EU4 (Germany, France, Italy, and Spain) and the United Kingdom

Japan

Study Period: 2019-2032

Metastatic HR+/HER2- Breast Cancer Disease Understanding and Treatment Algorithm

HR+/HER2- Breast Cancer Overview

HR+/HER2- breast cancer is the most common subtype of breast cancer, characterized by cancer cells with hormone receptors for estrogen and progesterone but lacking the overexpression of HER2. This subtype generally has a better prognosis and is often treated with hormone therapy to block hormone-driven growth. Surgery and radiation may be used to remove or target tumors, while chemotherapy and targeted therapies like CDK4/6 inhibitors may be considered for more advanced cases. Early detection is crucial, and support from healthcare providers and loved ones is vital for coping with the diagnosis and treatment of HR+/HER2- breast cancer.

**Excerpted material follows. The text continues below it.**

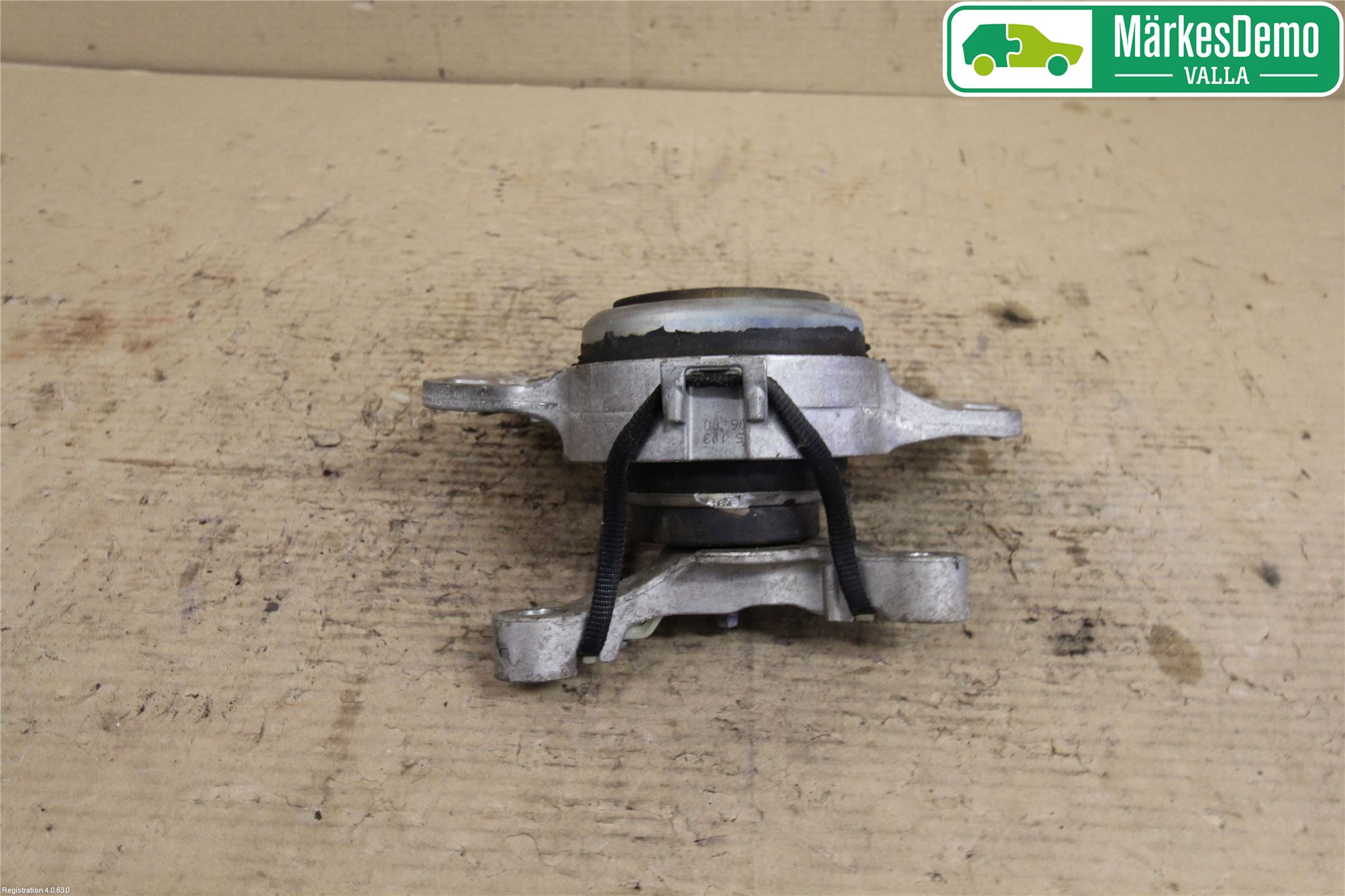 Volvo V40 12-19 Motor Feste Gummi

Metastatic HR+/HER2- Breast Cancer Diagnosis

A patient's journey through HR+/HER2- breast cancer diagnosis typically begins with the recognition of concerning symptoms, leading to clinical evaluation and imaging tests. A biopsy confirms the diagnosis and determines the cancer's characteristics. Staging tests assess the cancer's extent, guiding a multidisciplinary team in devising a personalized treatment plan, often involving hormone therapy, surgery, radiation, and possibly chemotherapy or targeted therapies. Emotional support plays a crucial role in managing the emotional toll of the diagnosis, and follow-up care ensures ongoing monitoring and adjustment of treatment as needed, fostering hope for successful recovery and survivorship.

Further details related to diagnosis will be provided in the report…

Metastatic HR+/HER2- Breast Cancer Treatment

The treatment of HR+/HER2- breast cancer typically involves a multimodal approach. Hormone therapy is a cornerstone, blocking estrogen's effects on cancer cells. Surgery, such as lumpectomy or mastectomy, may be performed to remove the tumor. Radiation therapy targets any remaining cancer cells after surgery. In more advanced cases, chemotherapy or targeted therapies like CDK4/6 inhibitors can be considered. The specific treatment plan depends on factors like cancer stage, receptor status, and patient preferences. Regular follow-up and monitoring are essential to track progress and adjust treatment as needed, offering the best chance for successful management and long-term survival.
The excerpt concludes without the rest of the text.